We couldn’t fix him, or heal him, but we could offer a safe space for him to land and do the work for himself.

When your home and workplace are one-in-the-same, a constant extra presence weighs on a person.

I love our friend.

I am proud beyond words of his progress.

As someone who lives with diagnosed PTSD myself, I recognize better than most how gritty and complex the journey is to heal from significant trauma.

I simultaneously wish that he would leave the house every once in a while. Like going to hang out at a friend’s place for the evening, or going out for a walk, or something… anything.

All the love in the world for this dear friend of ours — but I’m also an introvert and a homebody, who loves her habits and requires time alone/space to recharge.

Add into that mix that I’m an empath?
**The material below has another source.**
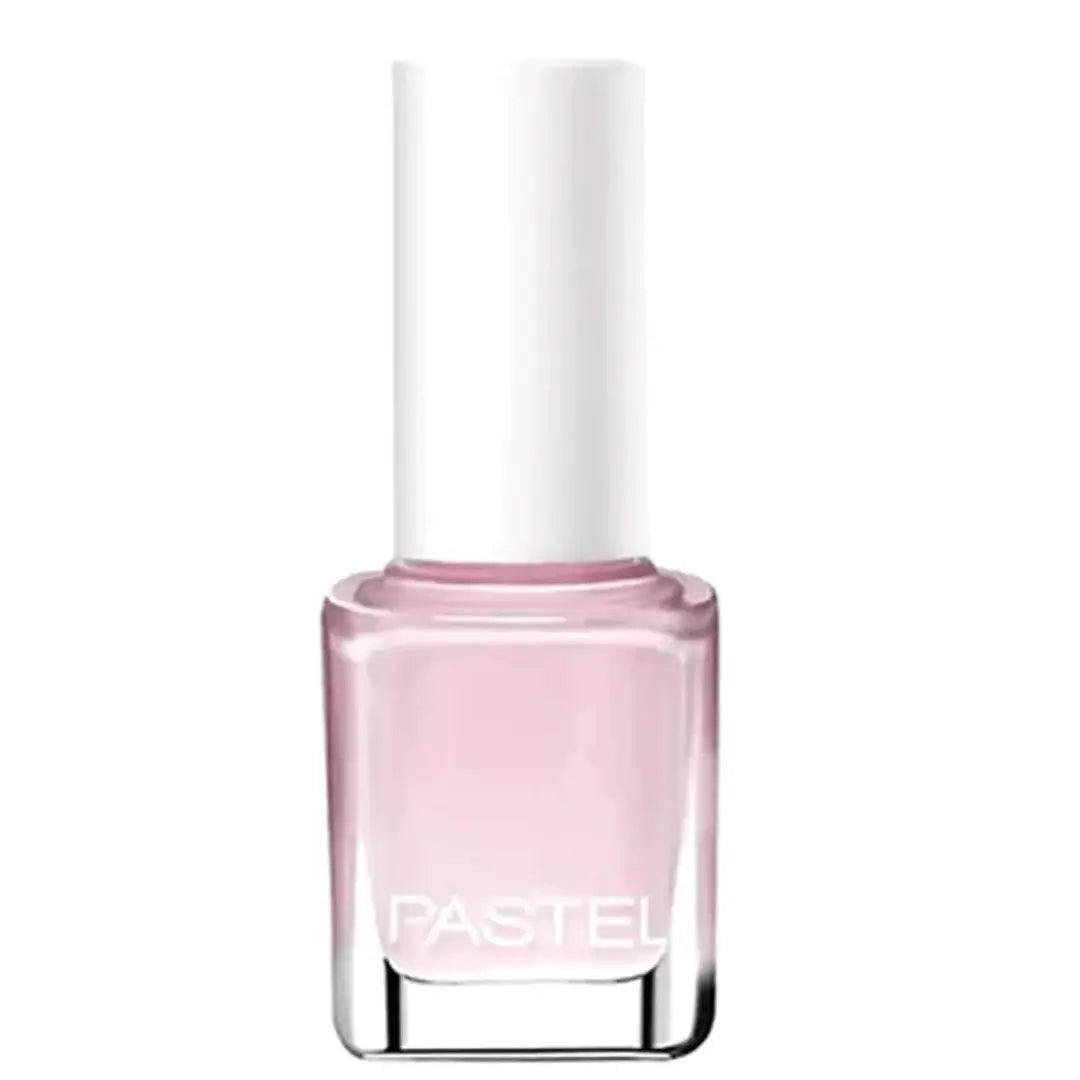 PASTEL NAIL POLISH 8 13ml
I feel the energy of others, and it affects my own energy.

The introvert in me is desperate for a full recharge, and feels like she can never get all of her energy back.

Even if we are on entire opposite sides of the house.

And that’s not in any way his fault.

It’s nothing he’s doing — he’s otherwise been a pleasure to live with, and a considerate roommate.

It’s just his presence — his being here, all the time.

And it’s in no way fair for me to hold that against him.

Missing the superficial things doesn’t mean my feelings take priority in this equation.

The things I miss most? Some are very valid.

The biggest one is having an extra adult presence equals extra energy in our home — that energy is palpable to me and it seeps through the floorboards. It takes emotional energy from me like a slow leak from a tap.

I also just feel overwhelmed because of this, with a consistent feeling of people overload.

Especially as someone who lives with diagnosed PTSD, that’s not a small matter, and can be a significant factor in the quality of my own healing journey.

As for the superficial things?

I miss walking around the house in the morning braless in my lacey housecoat as I prepare my morning tea.

I miss opening a bottle of wine and having a glass while making dinner (as we have removed all alcohol from our home in solidarity with our roommate’s sobriety). In all truth? I’d maybe do that only once a month anyways… but there’s something about not being able to do something when you want to that wears on you. I know a lot of people who have felt this same way during quarantine.

Bottom line? My desire to putter around my house braless in a housecoat, or having a glass of wine while cooking, does not take importance over our dear friend’s life-changing recovery.

Both of those things can exist in the same space and still have validity… but I’m sure all of us can agree that a monthly glass of white wine doesn’t trump someone finally successfully living in sobriety after 10 years of daily addiction.

As I said before, I knew this would be uncomfortable and inconvenient. How could it not?

That said, there are struggles I am having that are major concerns. Struggles that my husband and I discuss regularly, and are keeping an eye on. Because we both know that we can’t sacrifice one person’s mental health for the benefit of another who realistically has other housing options available.

Again, these opposite sentiments can both exist at once, without invalidating one another.

Final word.

I am a creature of habit — and the best thing about habits?

They can be changed and adapted.

That means I am intentionally trying to troubleshoot my way into a better daily habit routine that offers me the restoration I need to have a balanced lifestyle, while still making this living arrangement work.

We forecast our friend living with us for at least another year.

I’m not going to lie, that reality makes me a little nervous. Especially as we come into winter, when I enter hibernate-mode and go outside even less, I have no doubt it will be a bit of a struggle for me.

But I’m committed to doing all within my power to make this work, while keeping my own mental health top of mind.

This is the most selfless thing I have ever done in my life, and all the while I battle the strong desire to be selfish and cater to my own comfort. Life isn’t easy, healing isn’t pretty, but from my experience, it’s worth seeing through all of the bumps in the road.